# Menu Extraction Data Explorer

This notebook helps you explore the menu upload pipeline data.

## Tables:
- `menu_upload` - Upload tracking records
- `menu_upload_stage` - Pipeline stage status
- `menu_upload_recipe` - Links uploads to created recipes
- `recipe` - Extracted meal/dish information
- `recipe_ingredient` - Ingredients for each recipe
- `restaurant` - Restaurant information
- `menu` - Menu information


In [None]:
# Setup: Import libraries
import asyncio
import pandas as pd
from sqlalchemy import text
import sys
sys.path.append('.')

from app.database import AsyncSessionLocal

# Display settings
pd.set_option('display.max_columns', None)
pd.set_option('display.max_colwidth', 100)
pd.set_option('display.width', None)

print("✅ Setup complete!")


Pyarrow will become a required dependency of pandas in the next major release of pandas (pandas 3.0),
(to allow more performant data types, such as the Arrow string type, and better interoperability with other libraries)
but was not found to be installed on your system.
If this would cause problems for you,
please provide us feedback at https://github.com/pandas-dev/pandas/issues/54466
        
  import pandas as pd


ImportError: cannot import name 'get_async_session' from 'app.database' (/Users/alexanderkok/feeb/apps/api/app/database.py)

In [None]:
# Helper function to query the database
async def query_db(sql: str):
    """Execute a SQL query and return results as a pandas DataFrame."""
    async with AsyncSessionLocal() as session:
        result = await session.execute(text(sql))
        rows = result.fetchall()
        columns = result.keys()
        return pd.DataFrame(rows, columns=columns)

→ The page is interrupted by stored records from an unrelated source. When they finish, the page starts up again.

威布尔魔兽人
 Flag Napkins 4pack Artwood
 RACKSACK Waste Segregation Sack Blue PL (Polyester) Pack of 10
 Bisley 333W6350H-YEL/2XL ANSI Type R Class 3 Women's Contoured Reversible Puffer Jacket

print("✅ Helper functions loaded!")


## 1. Menu Uploads Overview


In [None]:
# View all menu uploads
uploads = await query_db("SELECT * FROM menu_upload ORDER BY created_at DESC")
print(f"Total uploads: {len(uploads)}")
uploads.head(10)


In [None]:
# Upload status breakdown
status_counts = await query_db("""
    SELECT status, COUNT(*) as count 
    FROM menu_upload 
    GROUP BY status
""")
status_counts


## 2. Pipeline Stages


In [None]:
# View stage progress
stages = await query_db("""
    SELECT 
        mu.id as upload_id,
        mu.source_type,
        mus.stage,
        mus.status,
        mus.started_at,
        mus.completed_at,
        mus.error_message
    FROM menu_upload mu
    LEFT JOIN menu_upload_stage mus ON mu.id = mus.menu_upload_id
    ORDER BY mu.created_at DESC, mus.stage
""")
stages.head(20)


## 3. Extracted Recipes (Meals)


In [None]:
# View all recipes
recipes = await query_db("""
    SELECT 
        r.*,
        rest.name as restaurant_name
    FROM recipe r
    LEFT JOIN restaurant rest ON r.restaurant_id = rest.id
    ORDER BY r.created_at DESC
""")
print(f"Total recipes: {len(recipes)}")
recipes.head(10)


## 4. Recipe Ingredients (Enriched Data)


In [None]:
# View recipe ingredients with ingredient names
recipe_ingredients = await query_db("""
    SELECT 
        r.name as recipe_name,
        i.name as ingredient_name,
        ri.quantity,
        ri.unit,
        ri.notes,
        ri.allergens,
        ri.confirmed
    FROM recipe_ingredient ri
    JOIN recipe r ON ri.recipe_id = r.id
    JOIN ingredient i ON ri.ingredient_id = i.id
    ORDER BY r.name, i.name
""")
print(f"Total recipe-ingredient links: {len(recipe_ingredients)}")
recipe_ingredients.head(20)


In [None]:
# Count ingredients per recipe
ingredients_per_recipe = await query_db("""
    SELECT 
        r.name as recipe_name,
        COUNT(ri.ingredient_id) as ingredient_count
    FROM recipe r
    LEFT JOIN recipe_ingredient ri ON r.id = ri.recipe_id
    GROUP BY r.id, r.name
    ORDER BY ingredient_count DESC
""")
ingredients_per_recipe.head(10)


## 5. Database Summary


In [None]:
# Get counts of all menu-related tables
summary = await query_db("""
    SELECT 'menu_upload' as table_name, COUNT(*) as count FROM menu_upload
    UNION ALL
    SELECT 'menu_upload_stage', COUNT(*) FROM menu_upload_stage
    UNION ALL
    SELECT 'menu_upload_recipe', COUNT(*) FROM menu_upload_recipe
    UNION ALL
    SELECT 'recipe', COUNT(*) FROM recipe
    UNION ALL
    SELECT 'recipe_ingredient', COUNT(*) FROM recipe_ingredient
    UNION ALL
    SELECT 'restaurant', COUNT(*) FROM restaurant
    UNION ALL
    SELECT 'menu', COUNT(*) FROM menu
""")

print("\n📊 MENU EXTRACTION DATABASE SUMMARY")
print("="*50)
summary